Thotti Jaya is an example of what happens when a director more comfortable directing
romances tries his hand at directing an actioner. The film flows strongly and smoothly when the
focus is on romance. But once the focus shifts to action, its sputters and struggles to keep our
'Thotti' Jaya is the only name Jayachandran(Simbhu) goes by. Orphaned as a baby, he learned quite
early that he could hit people (and hit 'em well) and that people were willing to pay good money
for that. So he is now a goon of Seena Thaana(Pradeep Rawat), the biggest dada in Chennai. Forced
to go into hiding to avoid the repercussions of a case, he goes to Calcutta, runs into
Brinda(Gopika) and ends up escorting her back to Kanyakumari. The trip makes them both develop
feelings for each other but problems crop up that make him go against his own boss.
For the first half, Thotti Jaya is a masala film. The introduction songs of Simbhu and
Gopika confirm that. But it is a masala film without any masala touches. It has songs but no
item numbers. It has romance but no duets, in foreign locations or otherwise. It has stunts but
no special-effects-aided superhuman moves. And it has no comedy. These aspects, or rather, the
lack of these aspects, make it a rather unique masala film pre-intermission. It is consistently
involving, introduces likeable characters and fashions their interactions in a believable manner.
Director Durai proved in Mugavari(and to a lesser extent in
Kaadhal Sadugudu) that fashioning a sweet and believable romance
was his strength and he confirms that here. Thotti Jaya's romance is one of the best romances
I remember seeing in a masala film. Though the basic circumstances, the timing and the reasons are
the same as in Gilli, the romance here is even more believable. The
way Simbhu and Gopika behave is very credible and in line with their characters. They hardly speak a
few words to each other but the way Simbhu understands her requirements and does the needful is very
sweet. And Gopika's reactions are measured and never over-the-top(her glance at Simbhu and her body
language when she comes out of the restroom in the train look so natural) . So the feelings they
experience at the end of the journey are very believable and the way the feelings are haltingly
conveyed is very nice.
Durai is completely out of his league in the second half though. With romance out of the way and
the battle between Simbhu and Pradeep now gaining top priority, he struggles to move the story
forward. The movie is reduced to a series of sequences of Simbhu and Gopika running to a new place
and fighting with the rowdies at that place.

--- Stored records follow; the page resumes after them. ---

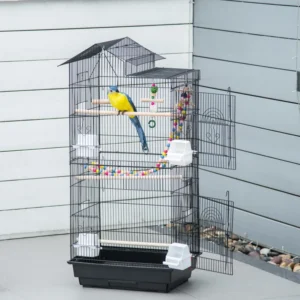 Cage à oiseaux de 39" pour perruche, calopsitte, conure, petits oiseaux, avec échelle, balançoire, jouets, perchoirs, plateau, bols à nourrir, et poignée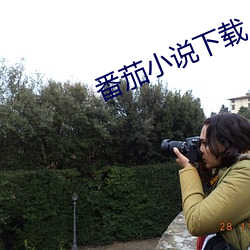 番茄小说下载 （东拼西凑）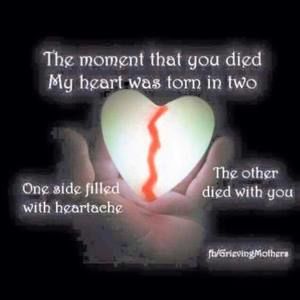 Meet your Posher, Misty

And many of those elements that were missing in the
first half find their way into the movie too. So we get an item number, a folksy duet that sticks
out like a sore thumb and unnecessary characters. These elements may go unnoticed usually but after
a first half that was very different, the presence of these is more than a little irritating.
There are a few places(like the way Simbhu fashions his escape from the terrace of an apartment
complex) that the movie shows signs of some cleverness. But those are too few and too far apart to
rescue the film. It sinks under the weight of the one-too-many stunts and other unnecessary
distractions. In retrospect, what the second half needed was a director like Dharani who mixed
brain and brawn equally in similar situations in movies like Dhill,
Dhool and Gilli.
Bearded Simbhu looks scarily like his dad in many scenes. But he confirms that
Manmadhan wasn't just a flash in the pan when it comes to
performing a role realistically. There is no finger-swishing and no punch dialogs here either.
He is very restrained and lets his hands do the talking. Gopika spends most of the movie looking
scared and running away from the bad guys. But she does do that well. Her sore point is obviously
dancing. Pradeep Rawat is unnecessarily loud and gets on the nerves(he could've taken some pointers
from Kanaa Kanden's Prithviraj). And his get up makes him look like
the bhootham in those old Vittalacharya movies!
The movie has one song(Gopika's group song) that wasn't part of the soundtrack but it isn't
anything special. On the other hand, I don't think Yaaridamum... appeared in the film.
Uyire En Uyire... is picturized pleasingly and plays in the background instead of being
picturized as a conventional duet. The cinematography matches the serious mood of the movie.
Black and other dark colors dominate the palette and the atmosphere is gritty.